Of course my excited boys went in three different directions scanning the racks of sneakers while calling out to me, “Mom, what size am I?” I struggled to help all three simultaneously, yet somehow managed to get everyone situated with a pair of sneakers to try on.

Kevin was being particularly selective as he had outgrown the appeal of the sneakers with popular Disney characters and super heroes. This was surely going to be Kevin’s last year of shopping at Payless Shoes.

As soon as I finished helping Rocky find the correct size, checking where his big toe was in his shoes and tying Marc’s sneakers, they both took off like a flash. They began running around the crowded and busy store, weaving in and out between the shoppers. I called theirs names to no avail and then resorted to chasing them both down, grabbing each one by the arm.

“Boys, you can not run around in the store!” I instructed.

“But Mom, we just wanted to see if our sneakers were fast enough…” Rocky replied.

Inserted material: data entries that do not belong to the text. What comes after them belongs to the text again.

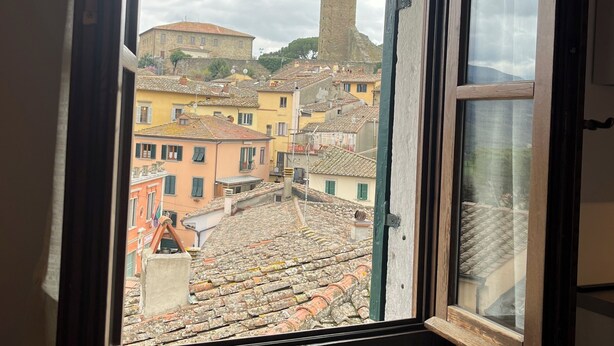 A window with a view of a historic town, including a prominent tower and colorful buildings.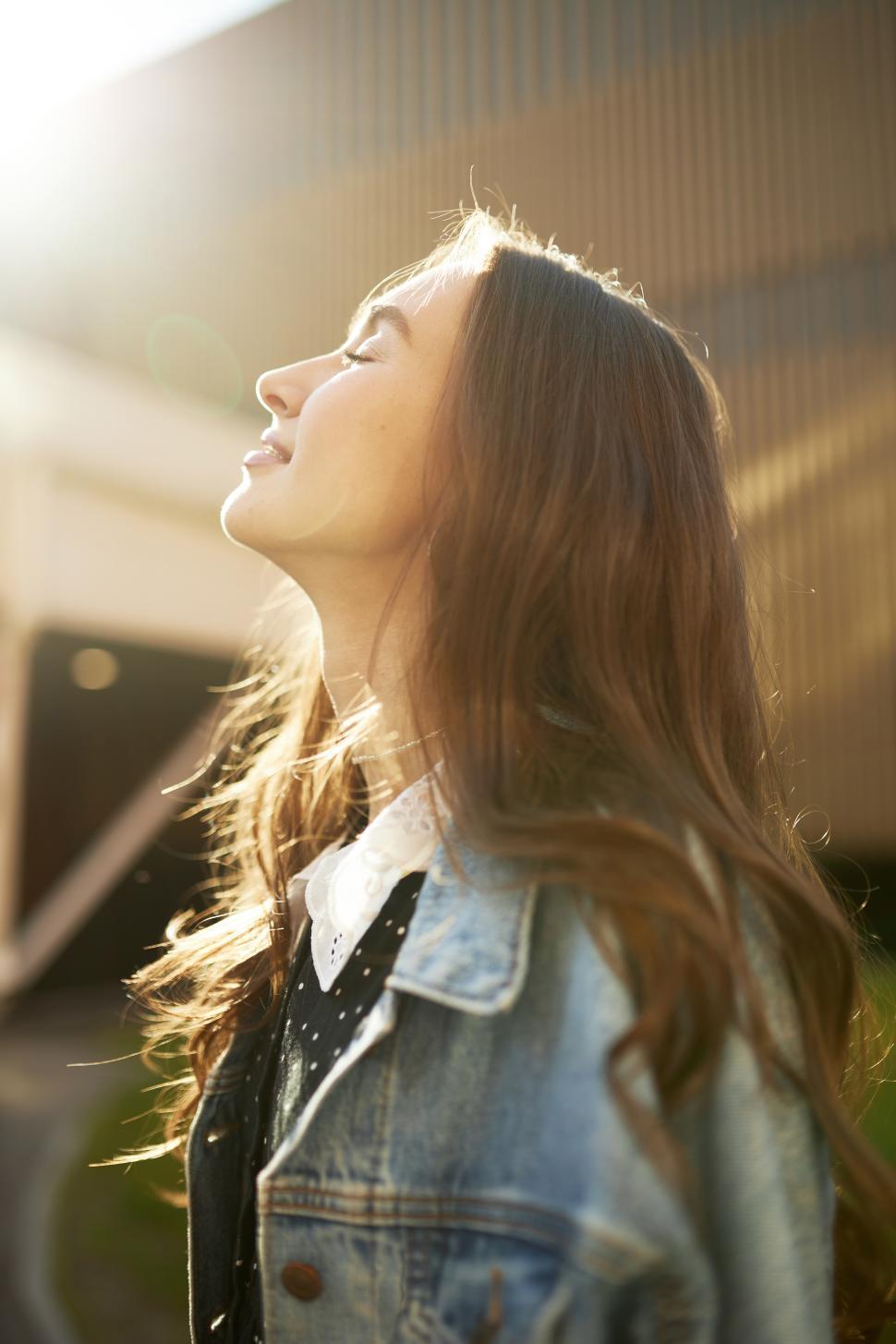 Free Image of Side view of beautiful charming caucasian girl of 20s with long hair in denim jacket enjoying warm spring day turning her face to sun with closed eyes during her summer stroll around city 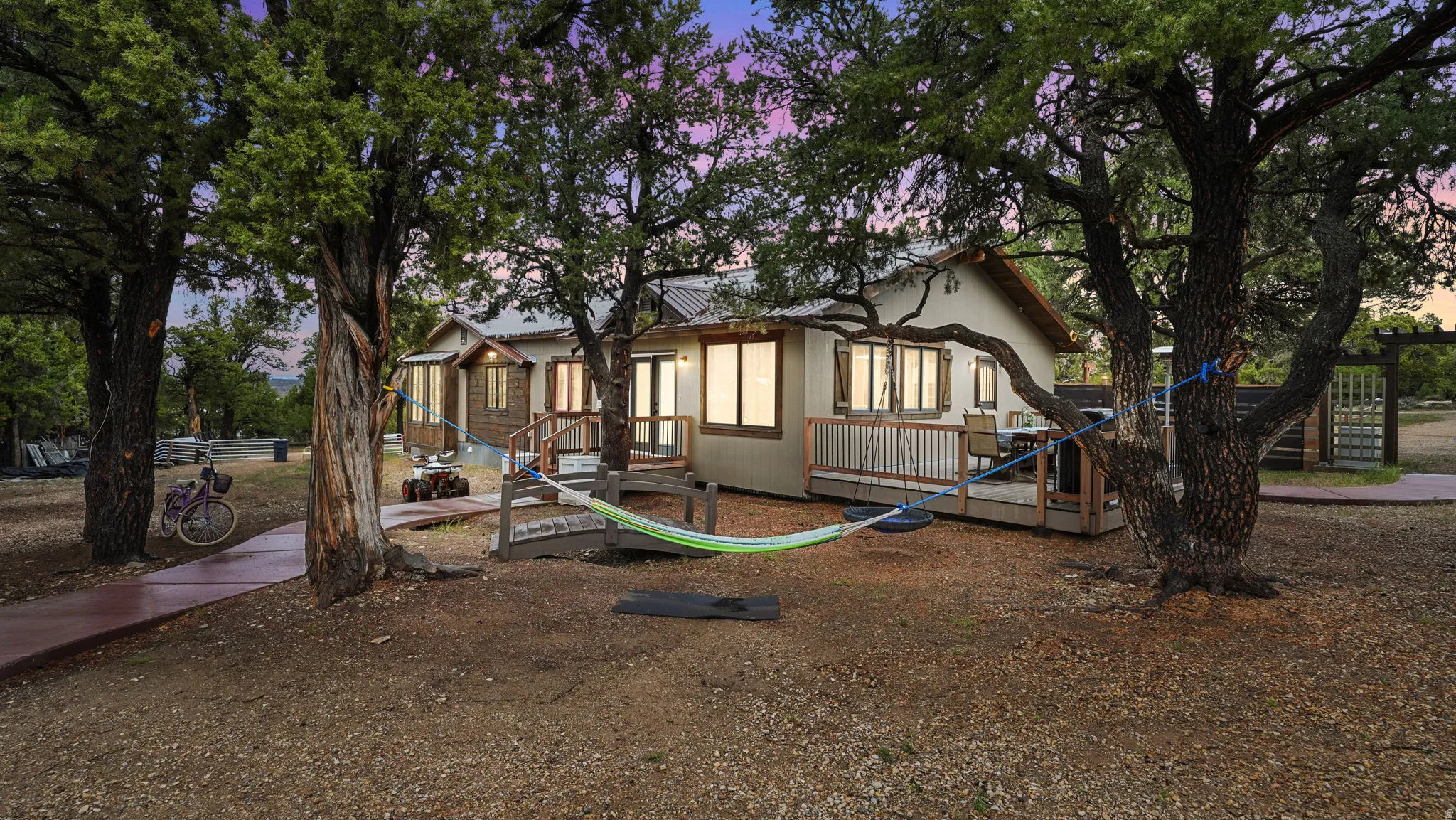 Exterior featuring a metal roof, multiple windows with natural wood trim, and a spacious wooden deck with railings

“Well, obviously they are,” I stated. “No more running in the store. Let’s go find Kevin.”

To my surprise, Kevin had actually found a pair of sneakers that he liked and a second pair of shoes (Shoes that, unbeknownst to me, he would later glue wooden blocks onto to appear taller to a girl he liked).

Perfect, three pairs of sneakers, one pair of shoes, two pairs half price. I was aware that people were staring at us. I just wanted to get to the check out and get out of this crowded store.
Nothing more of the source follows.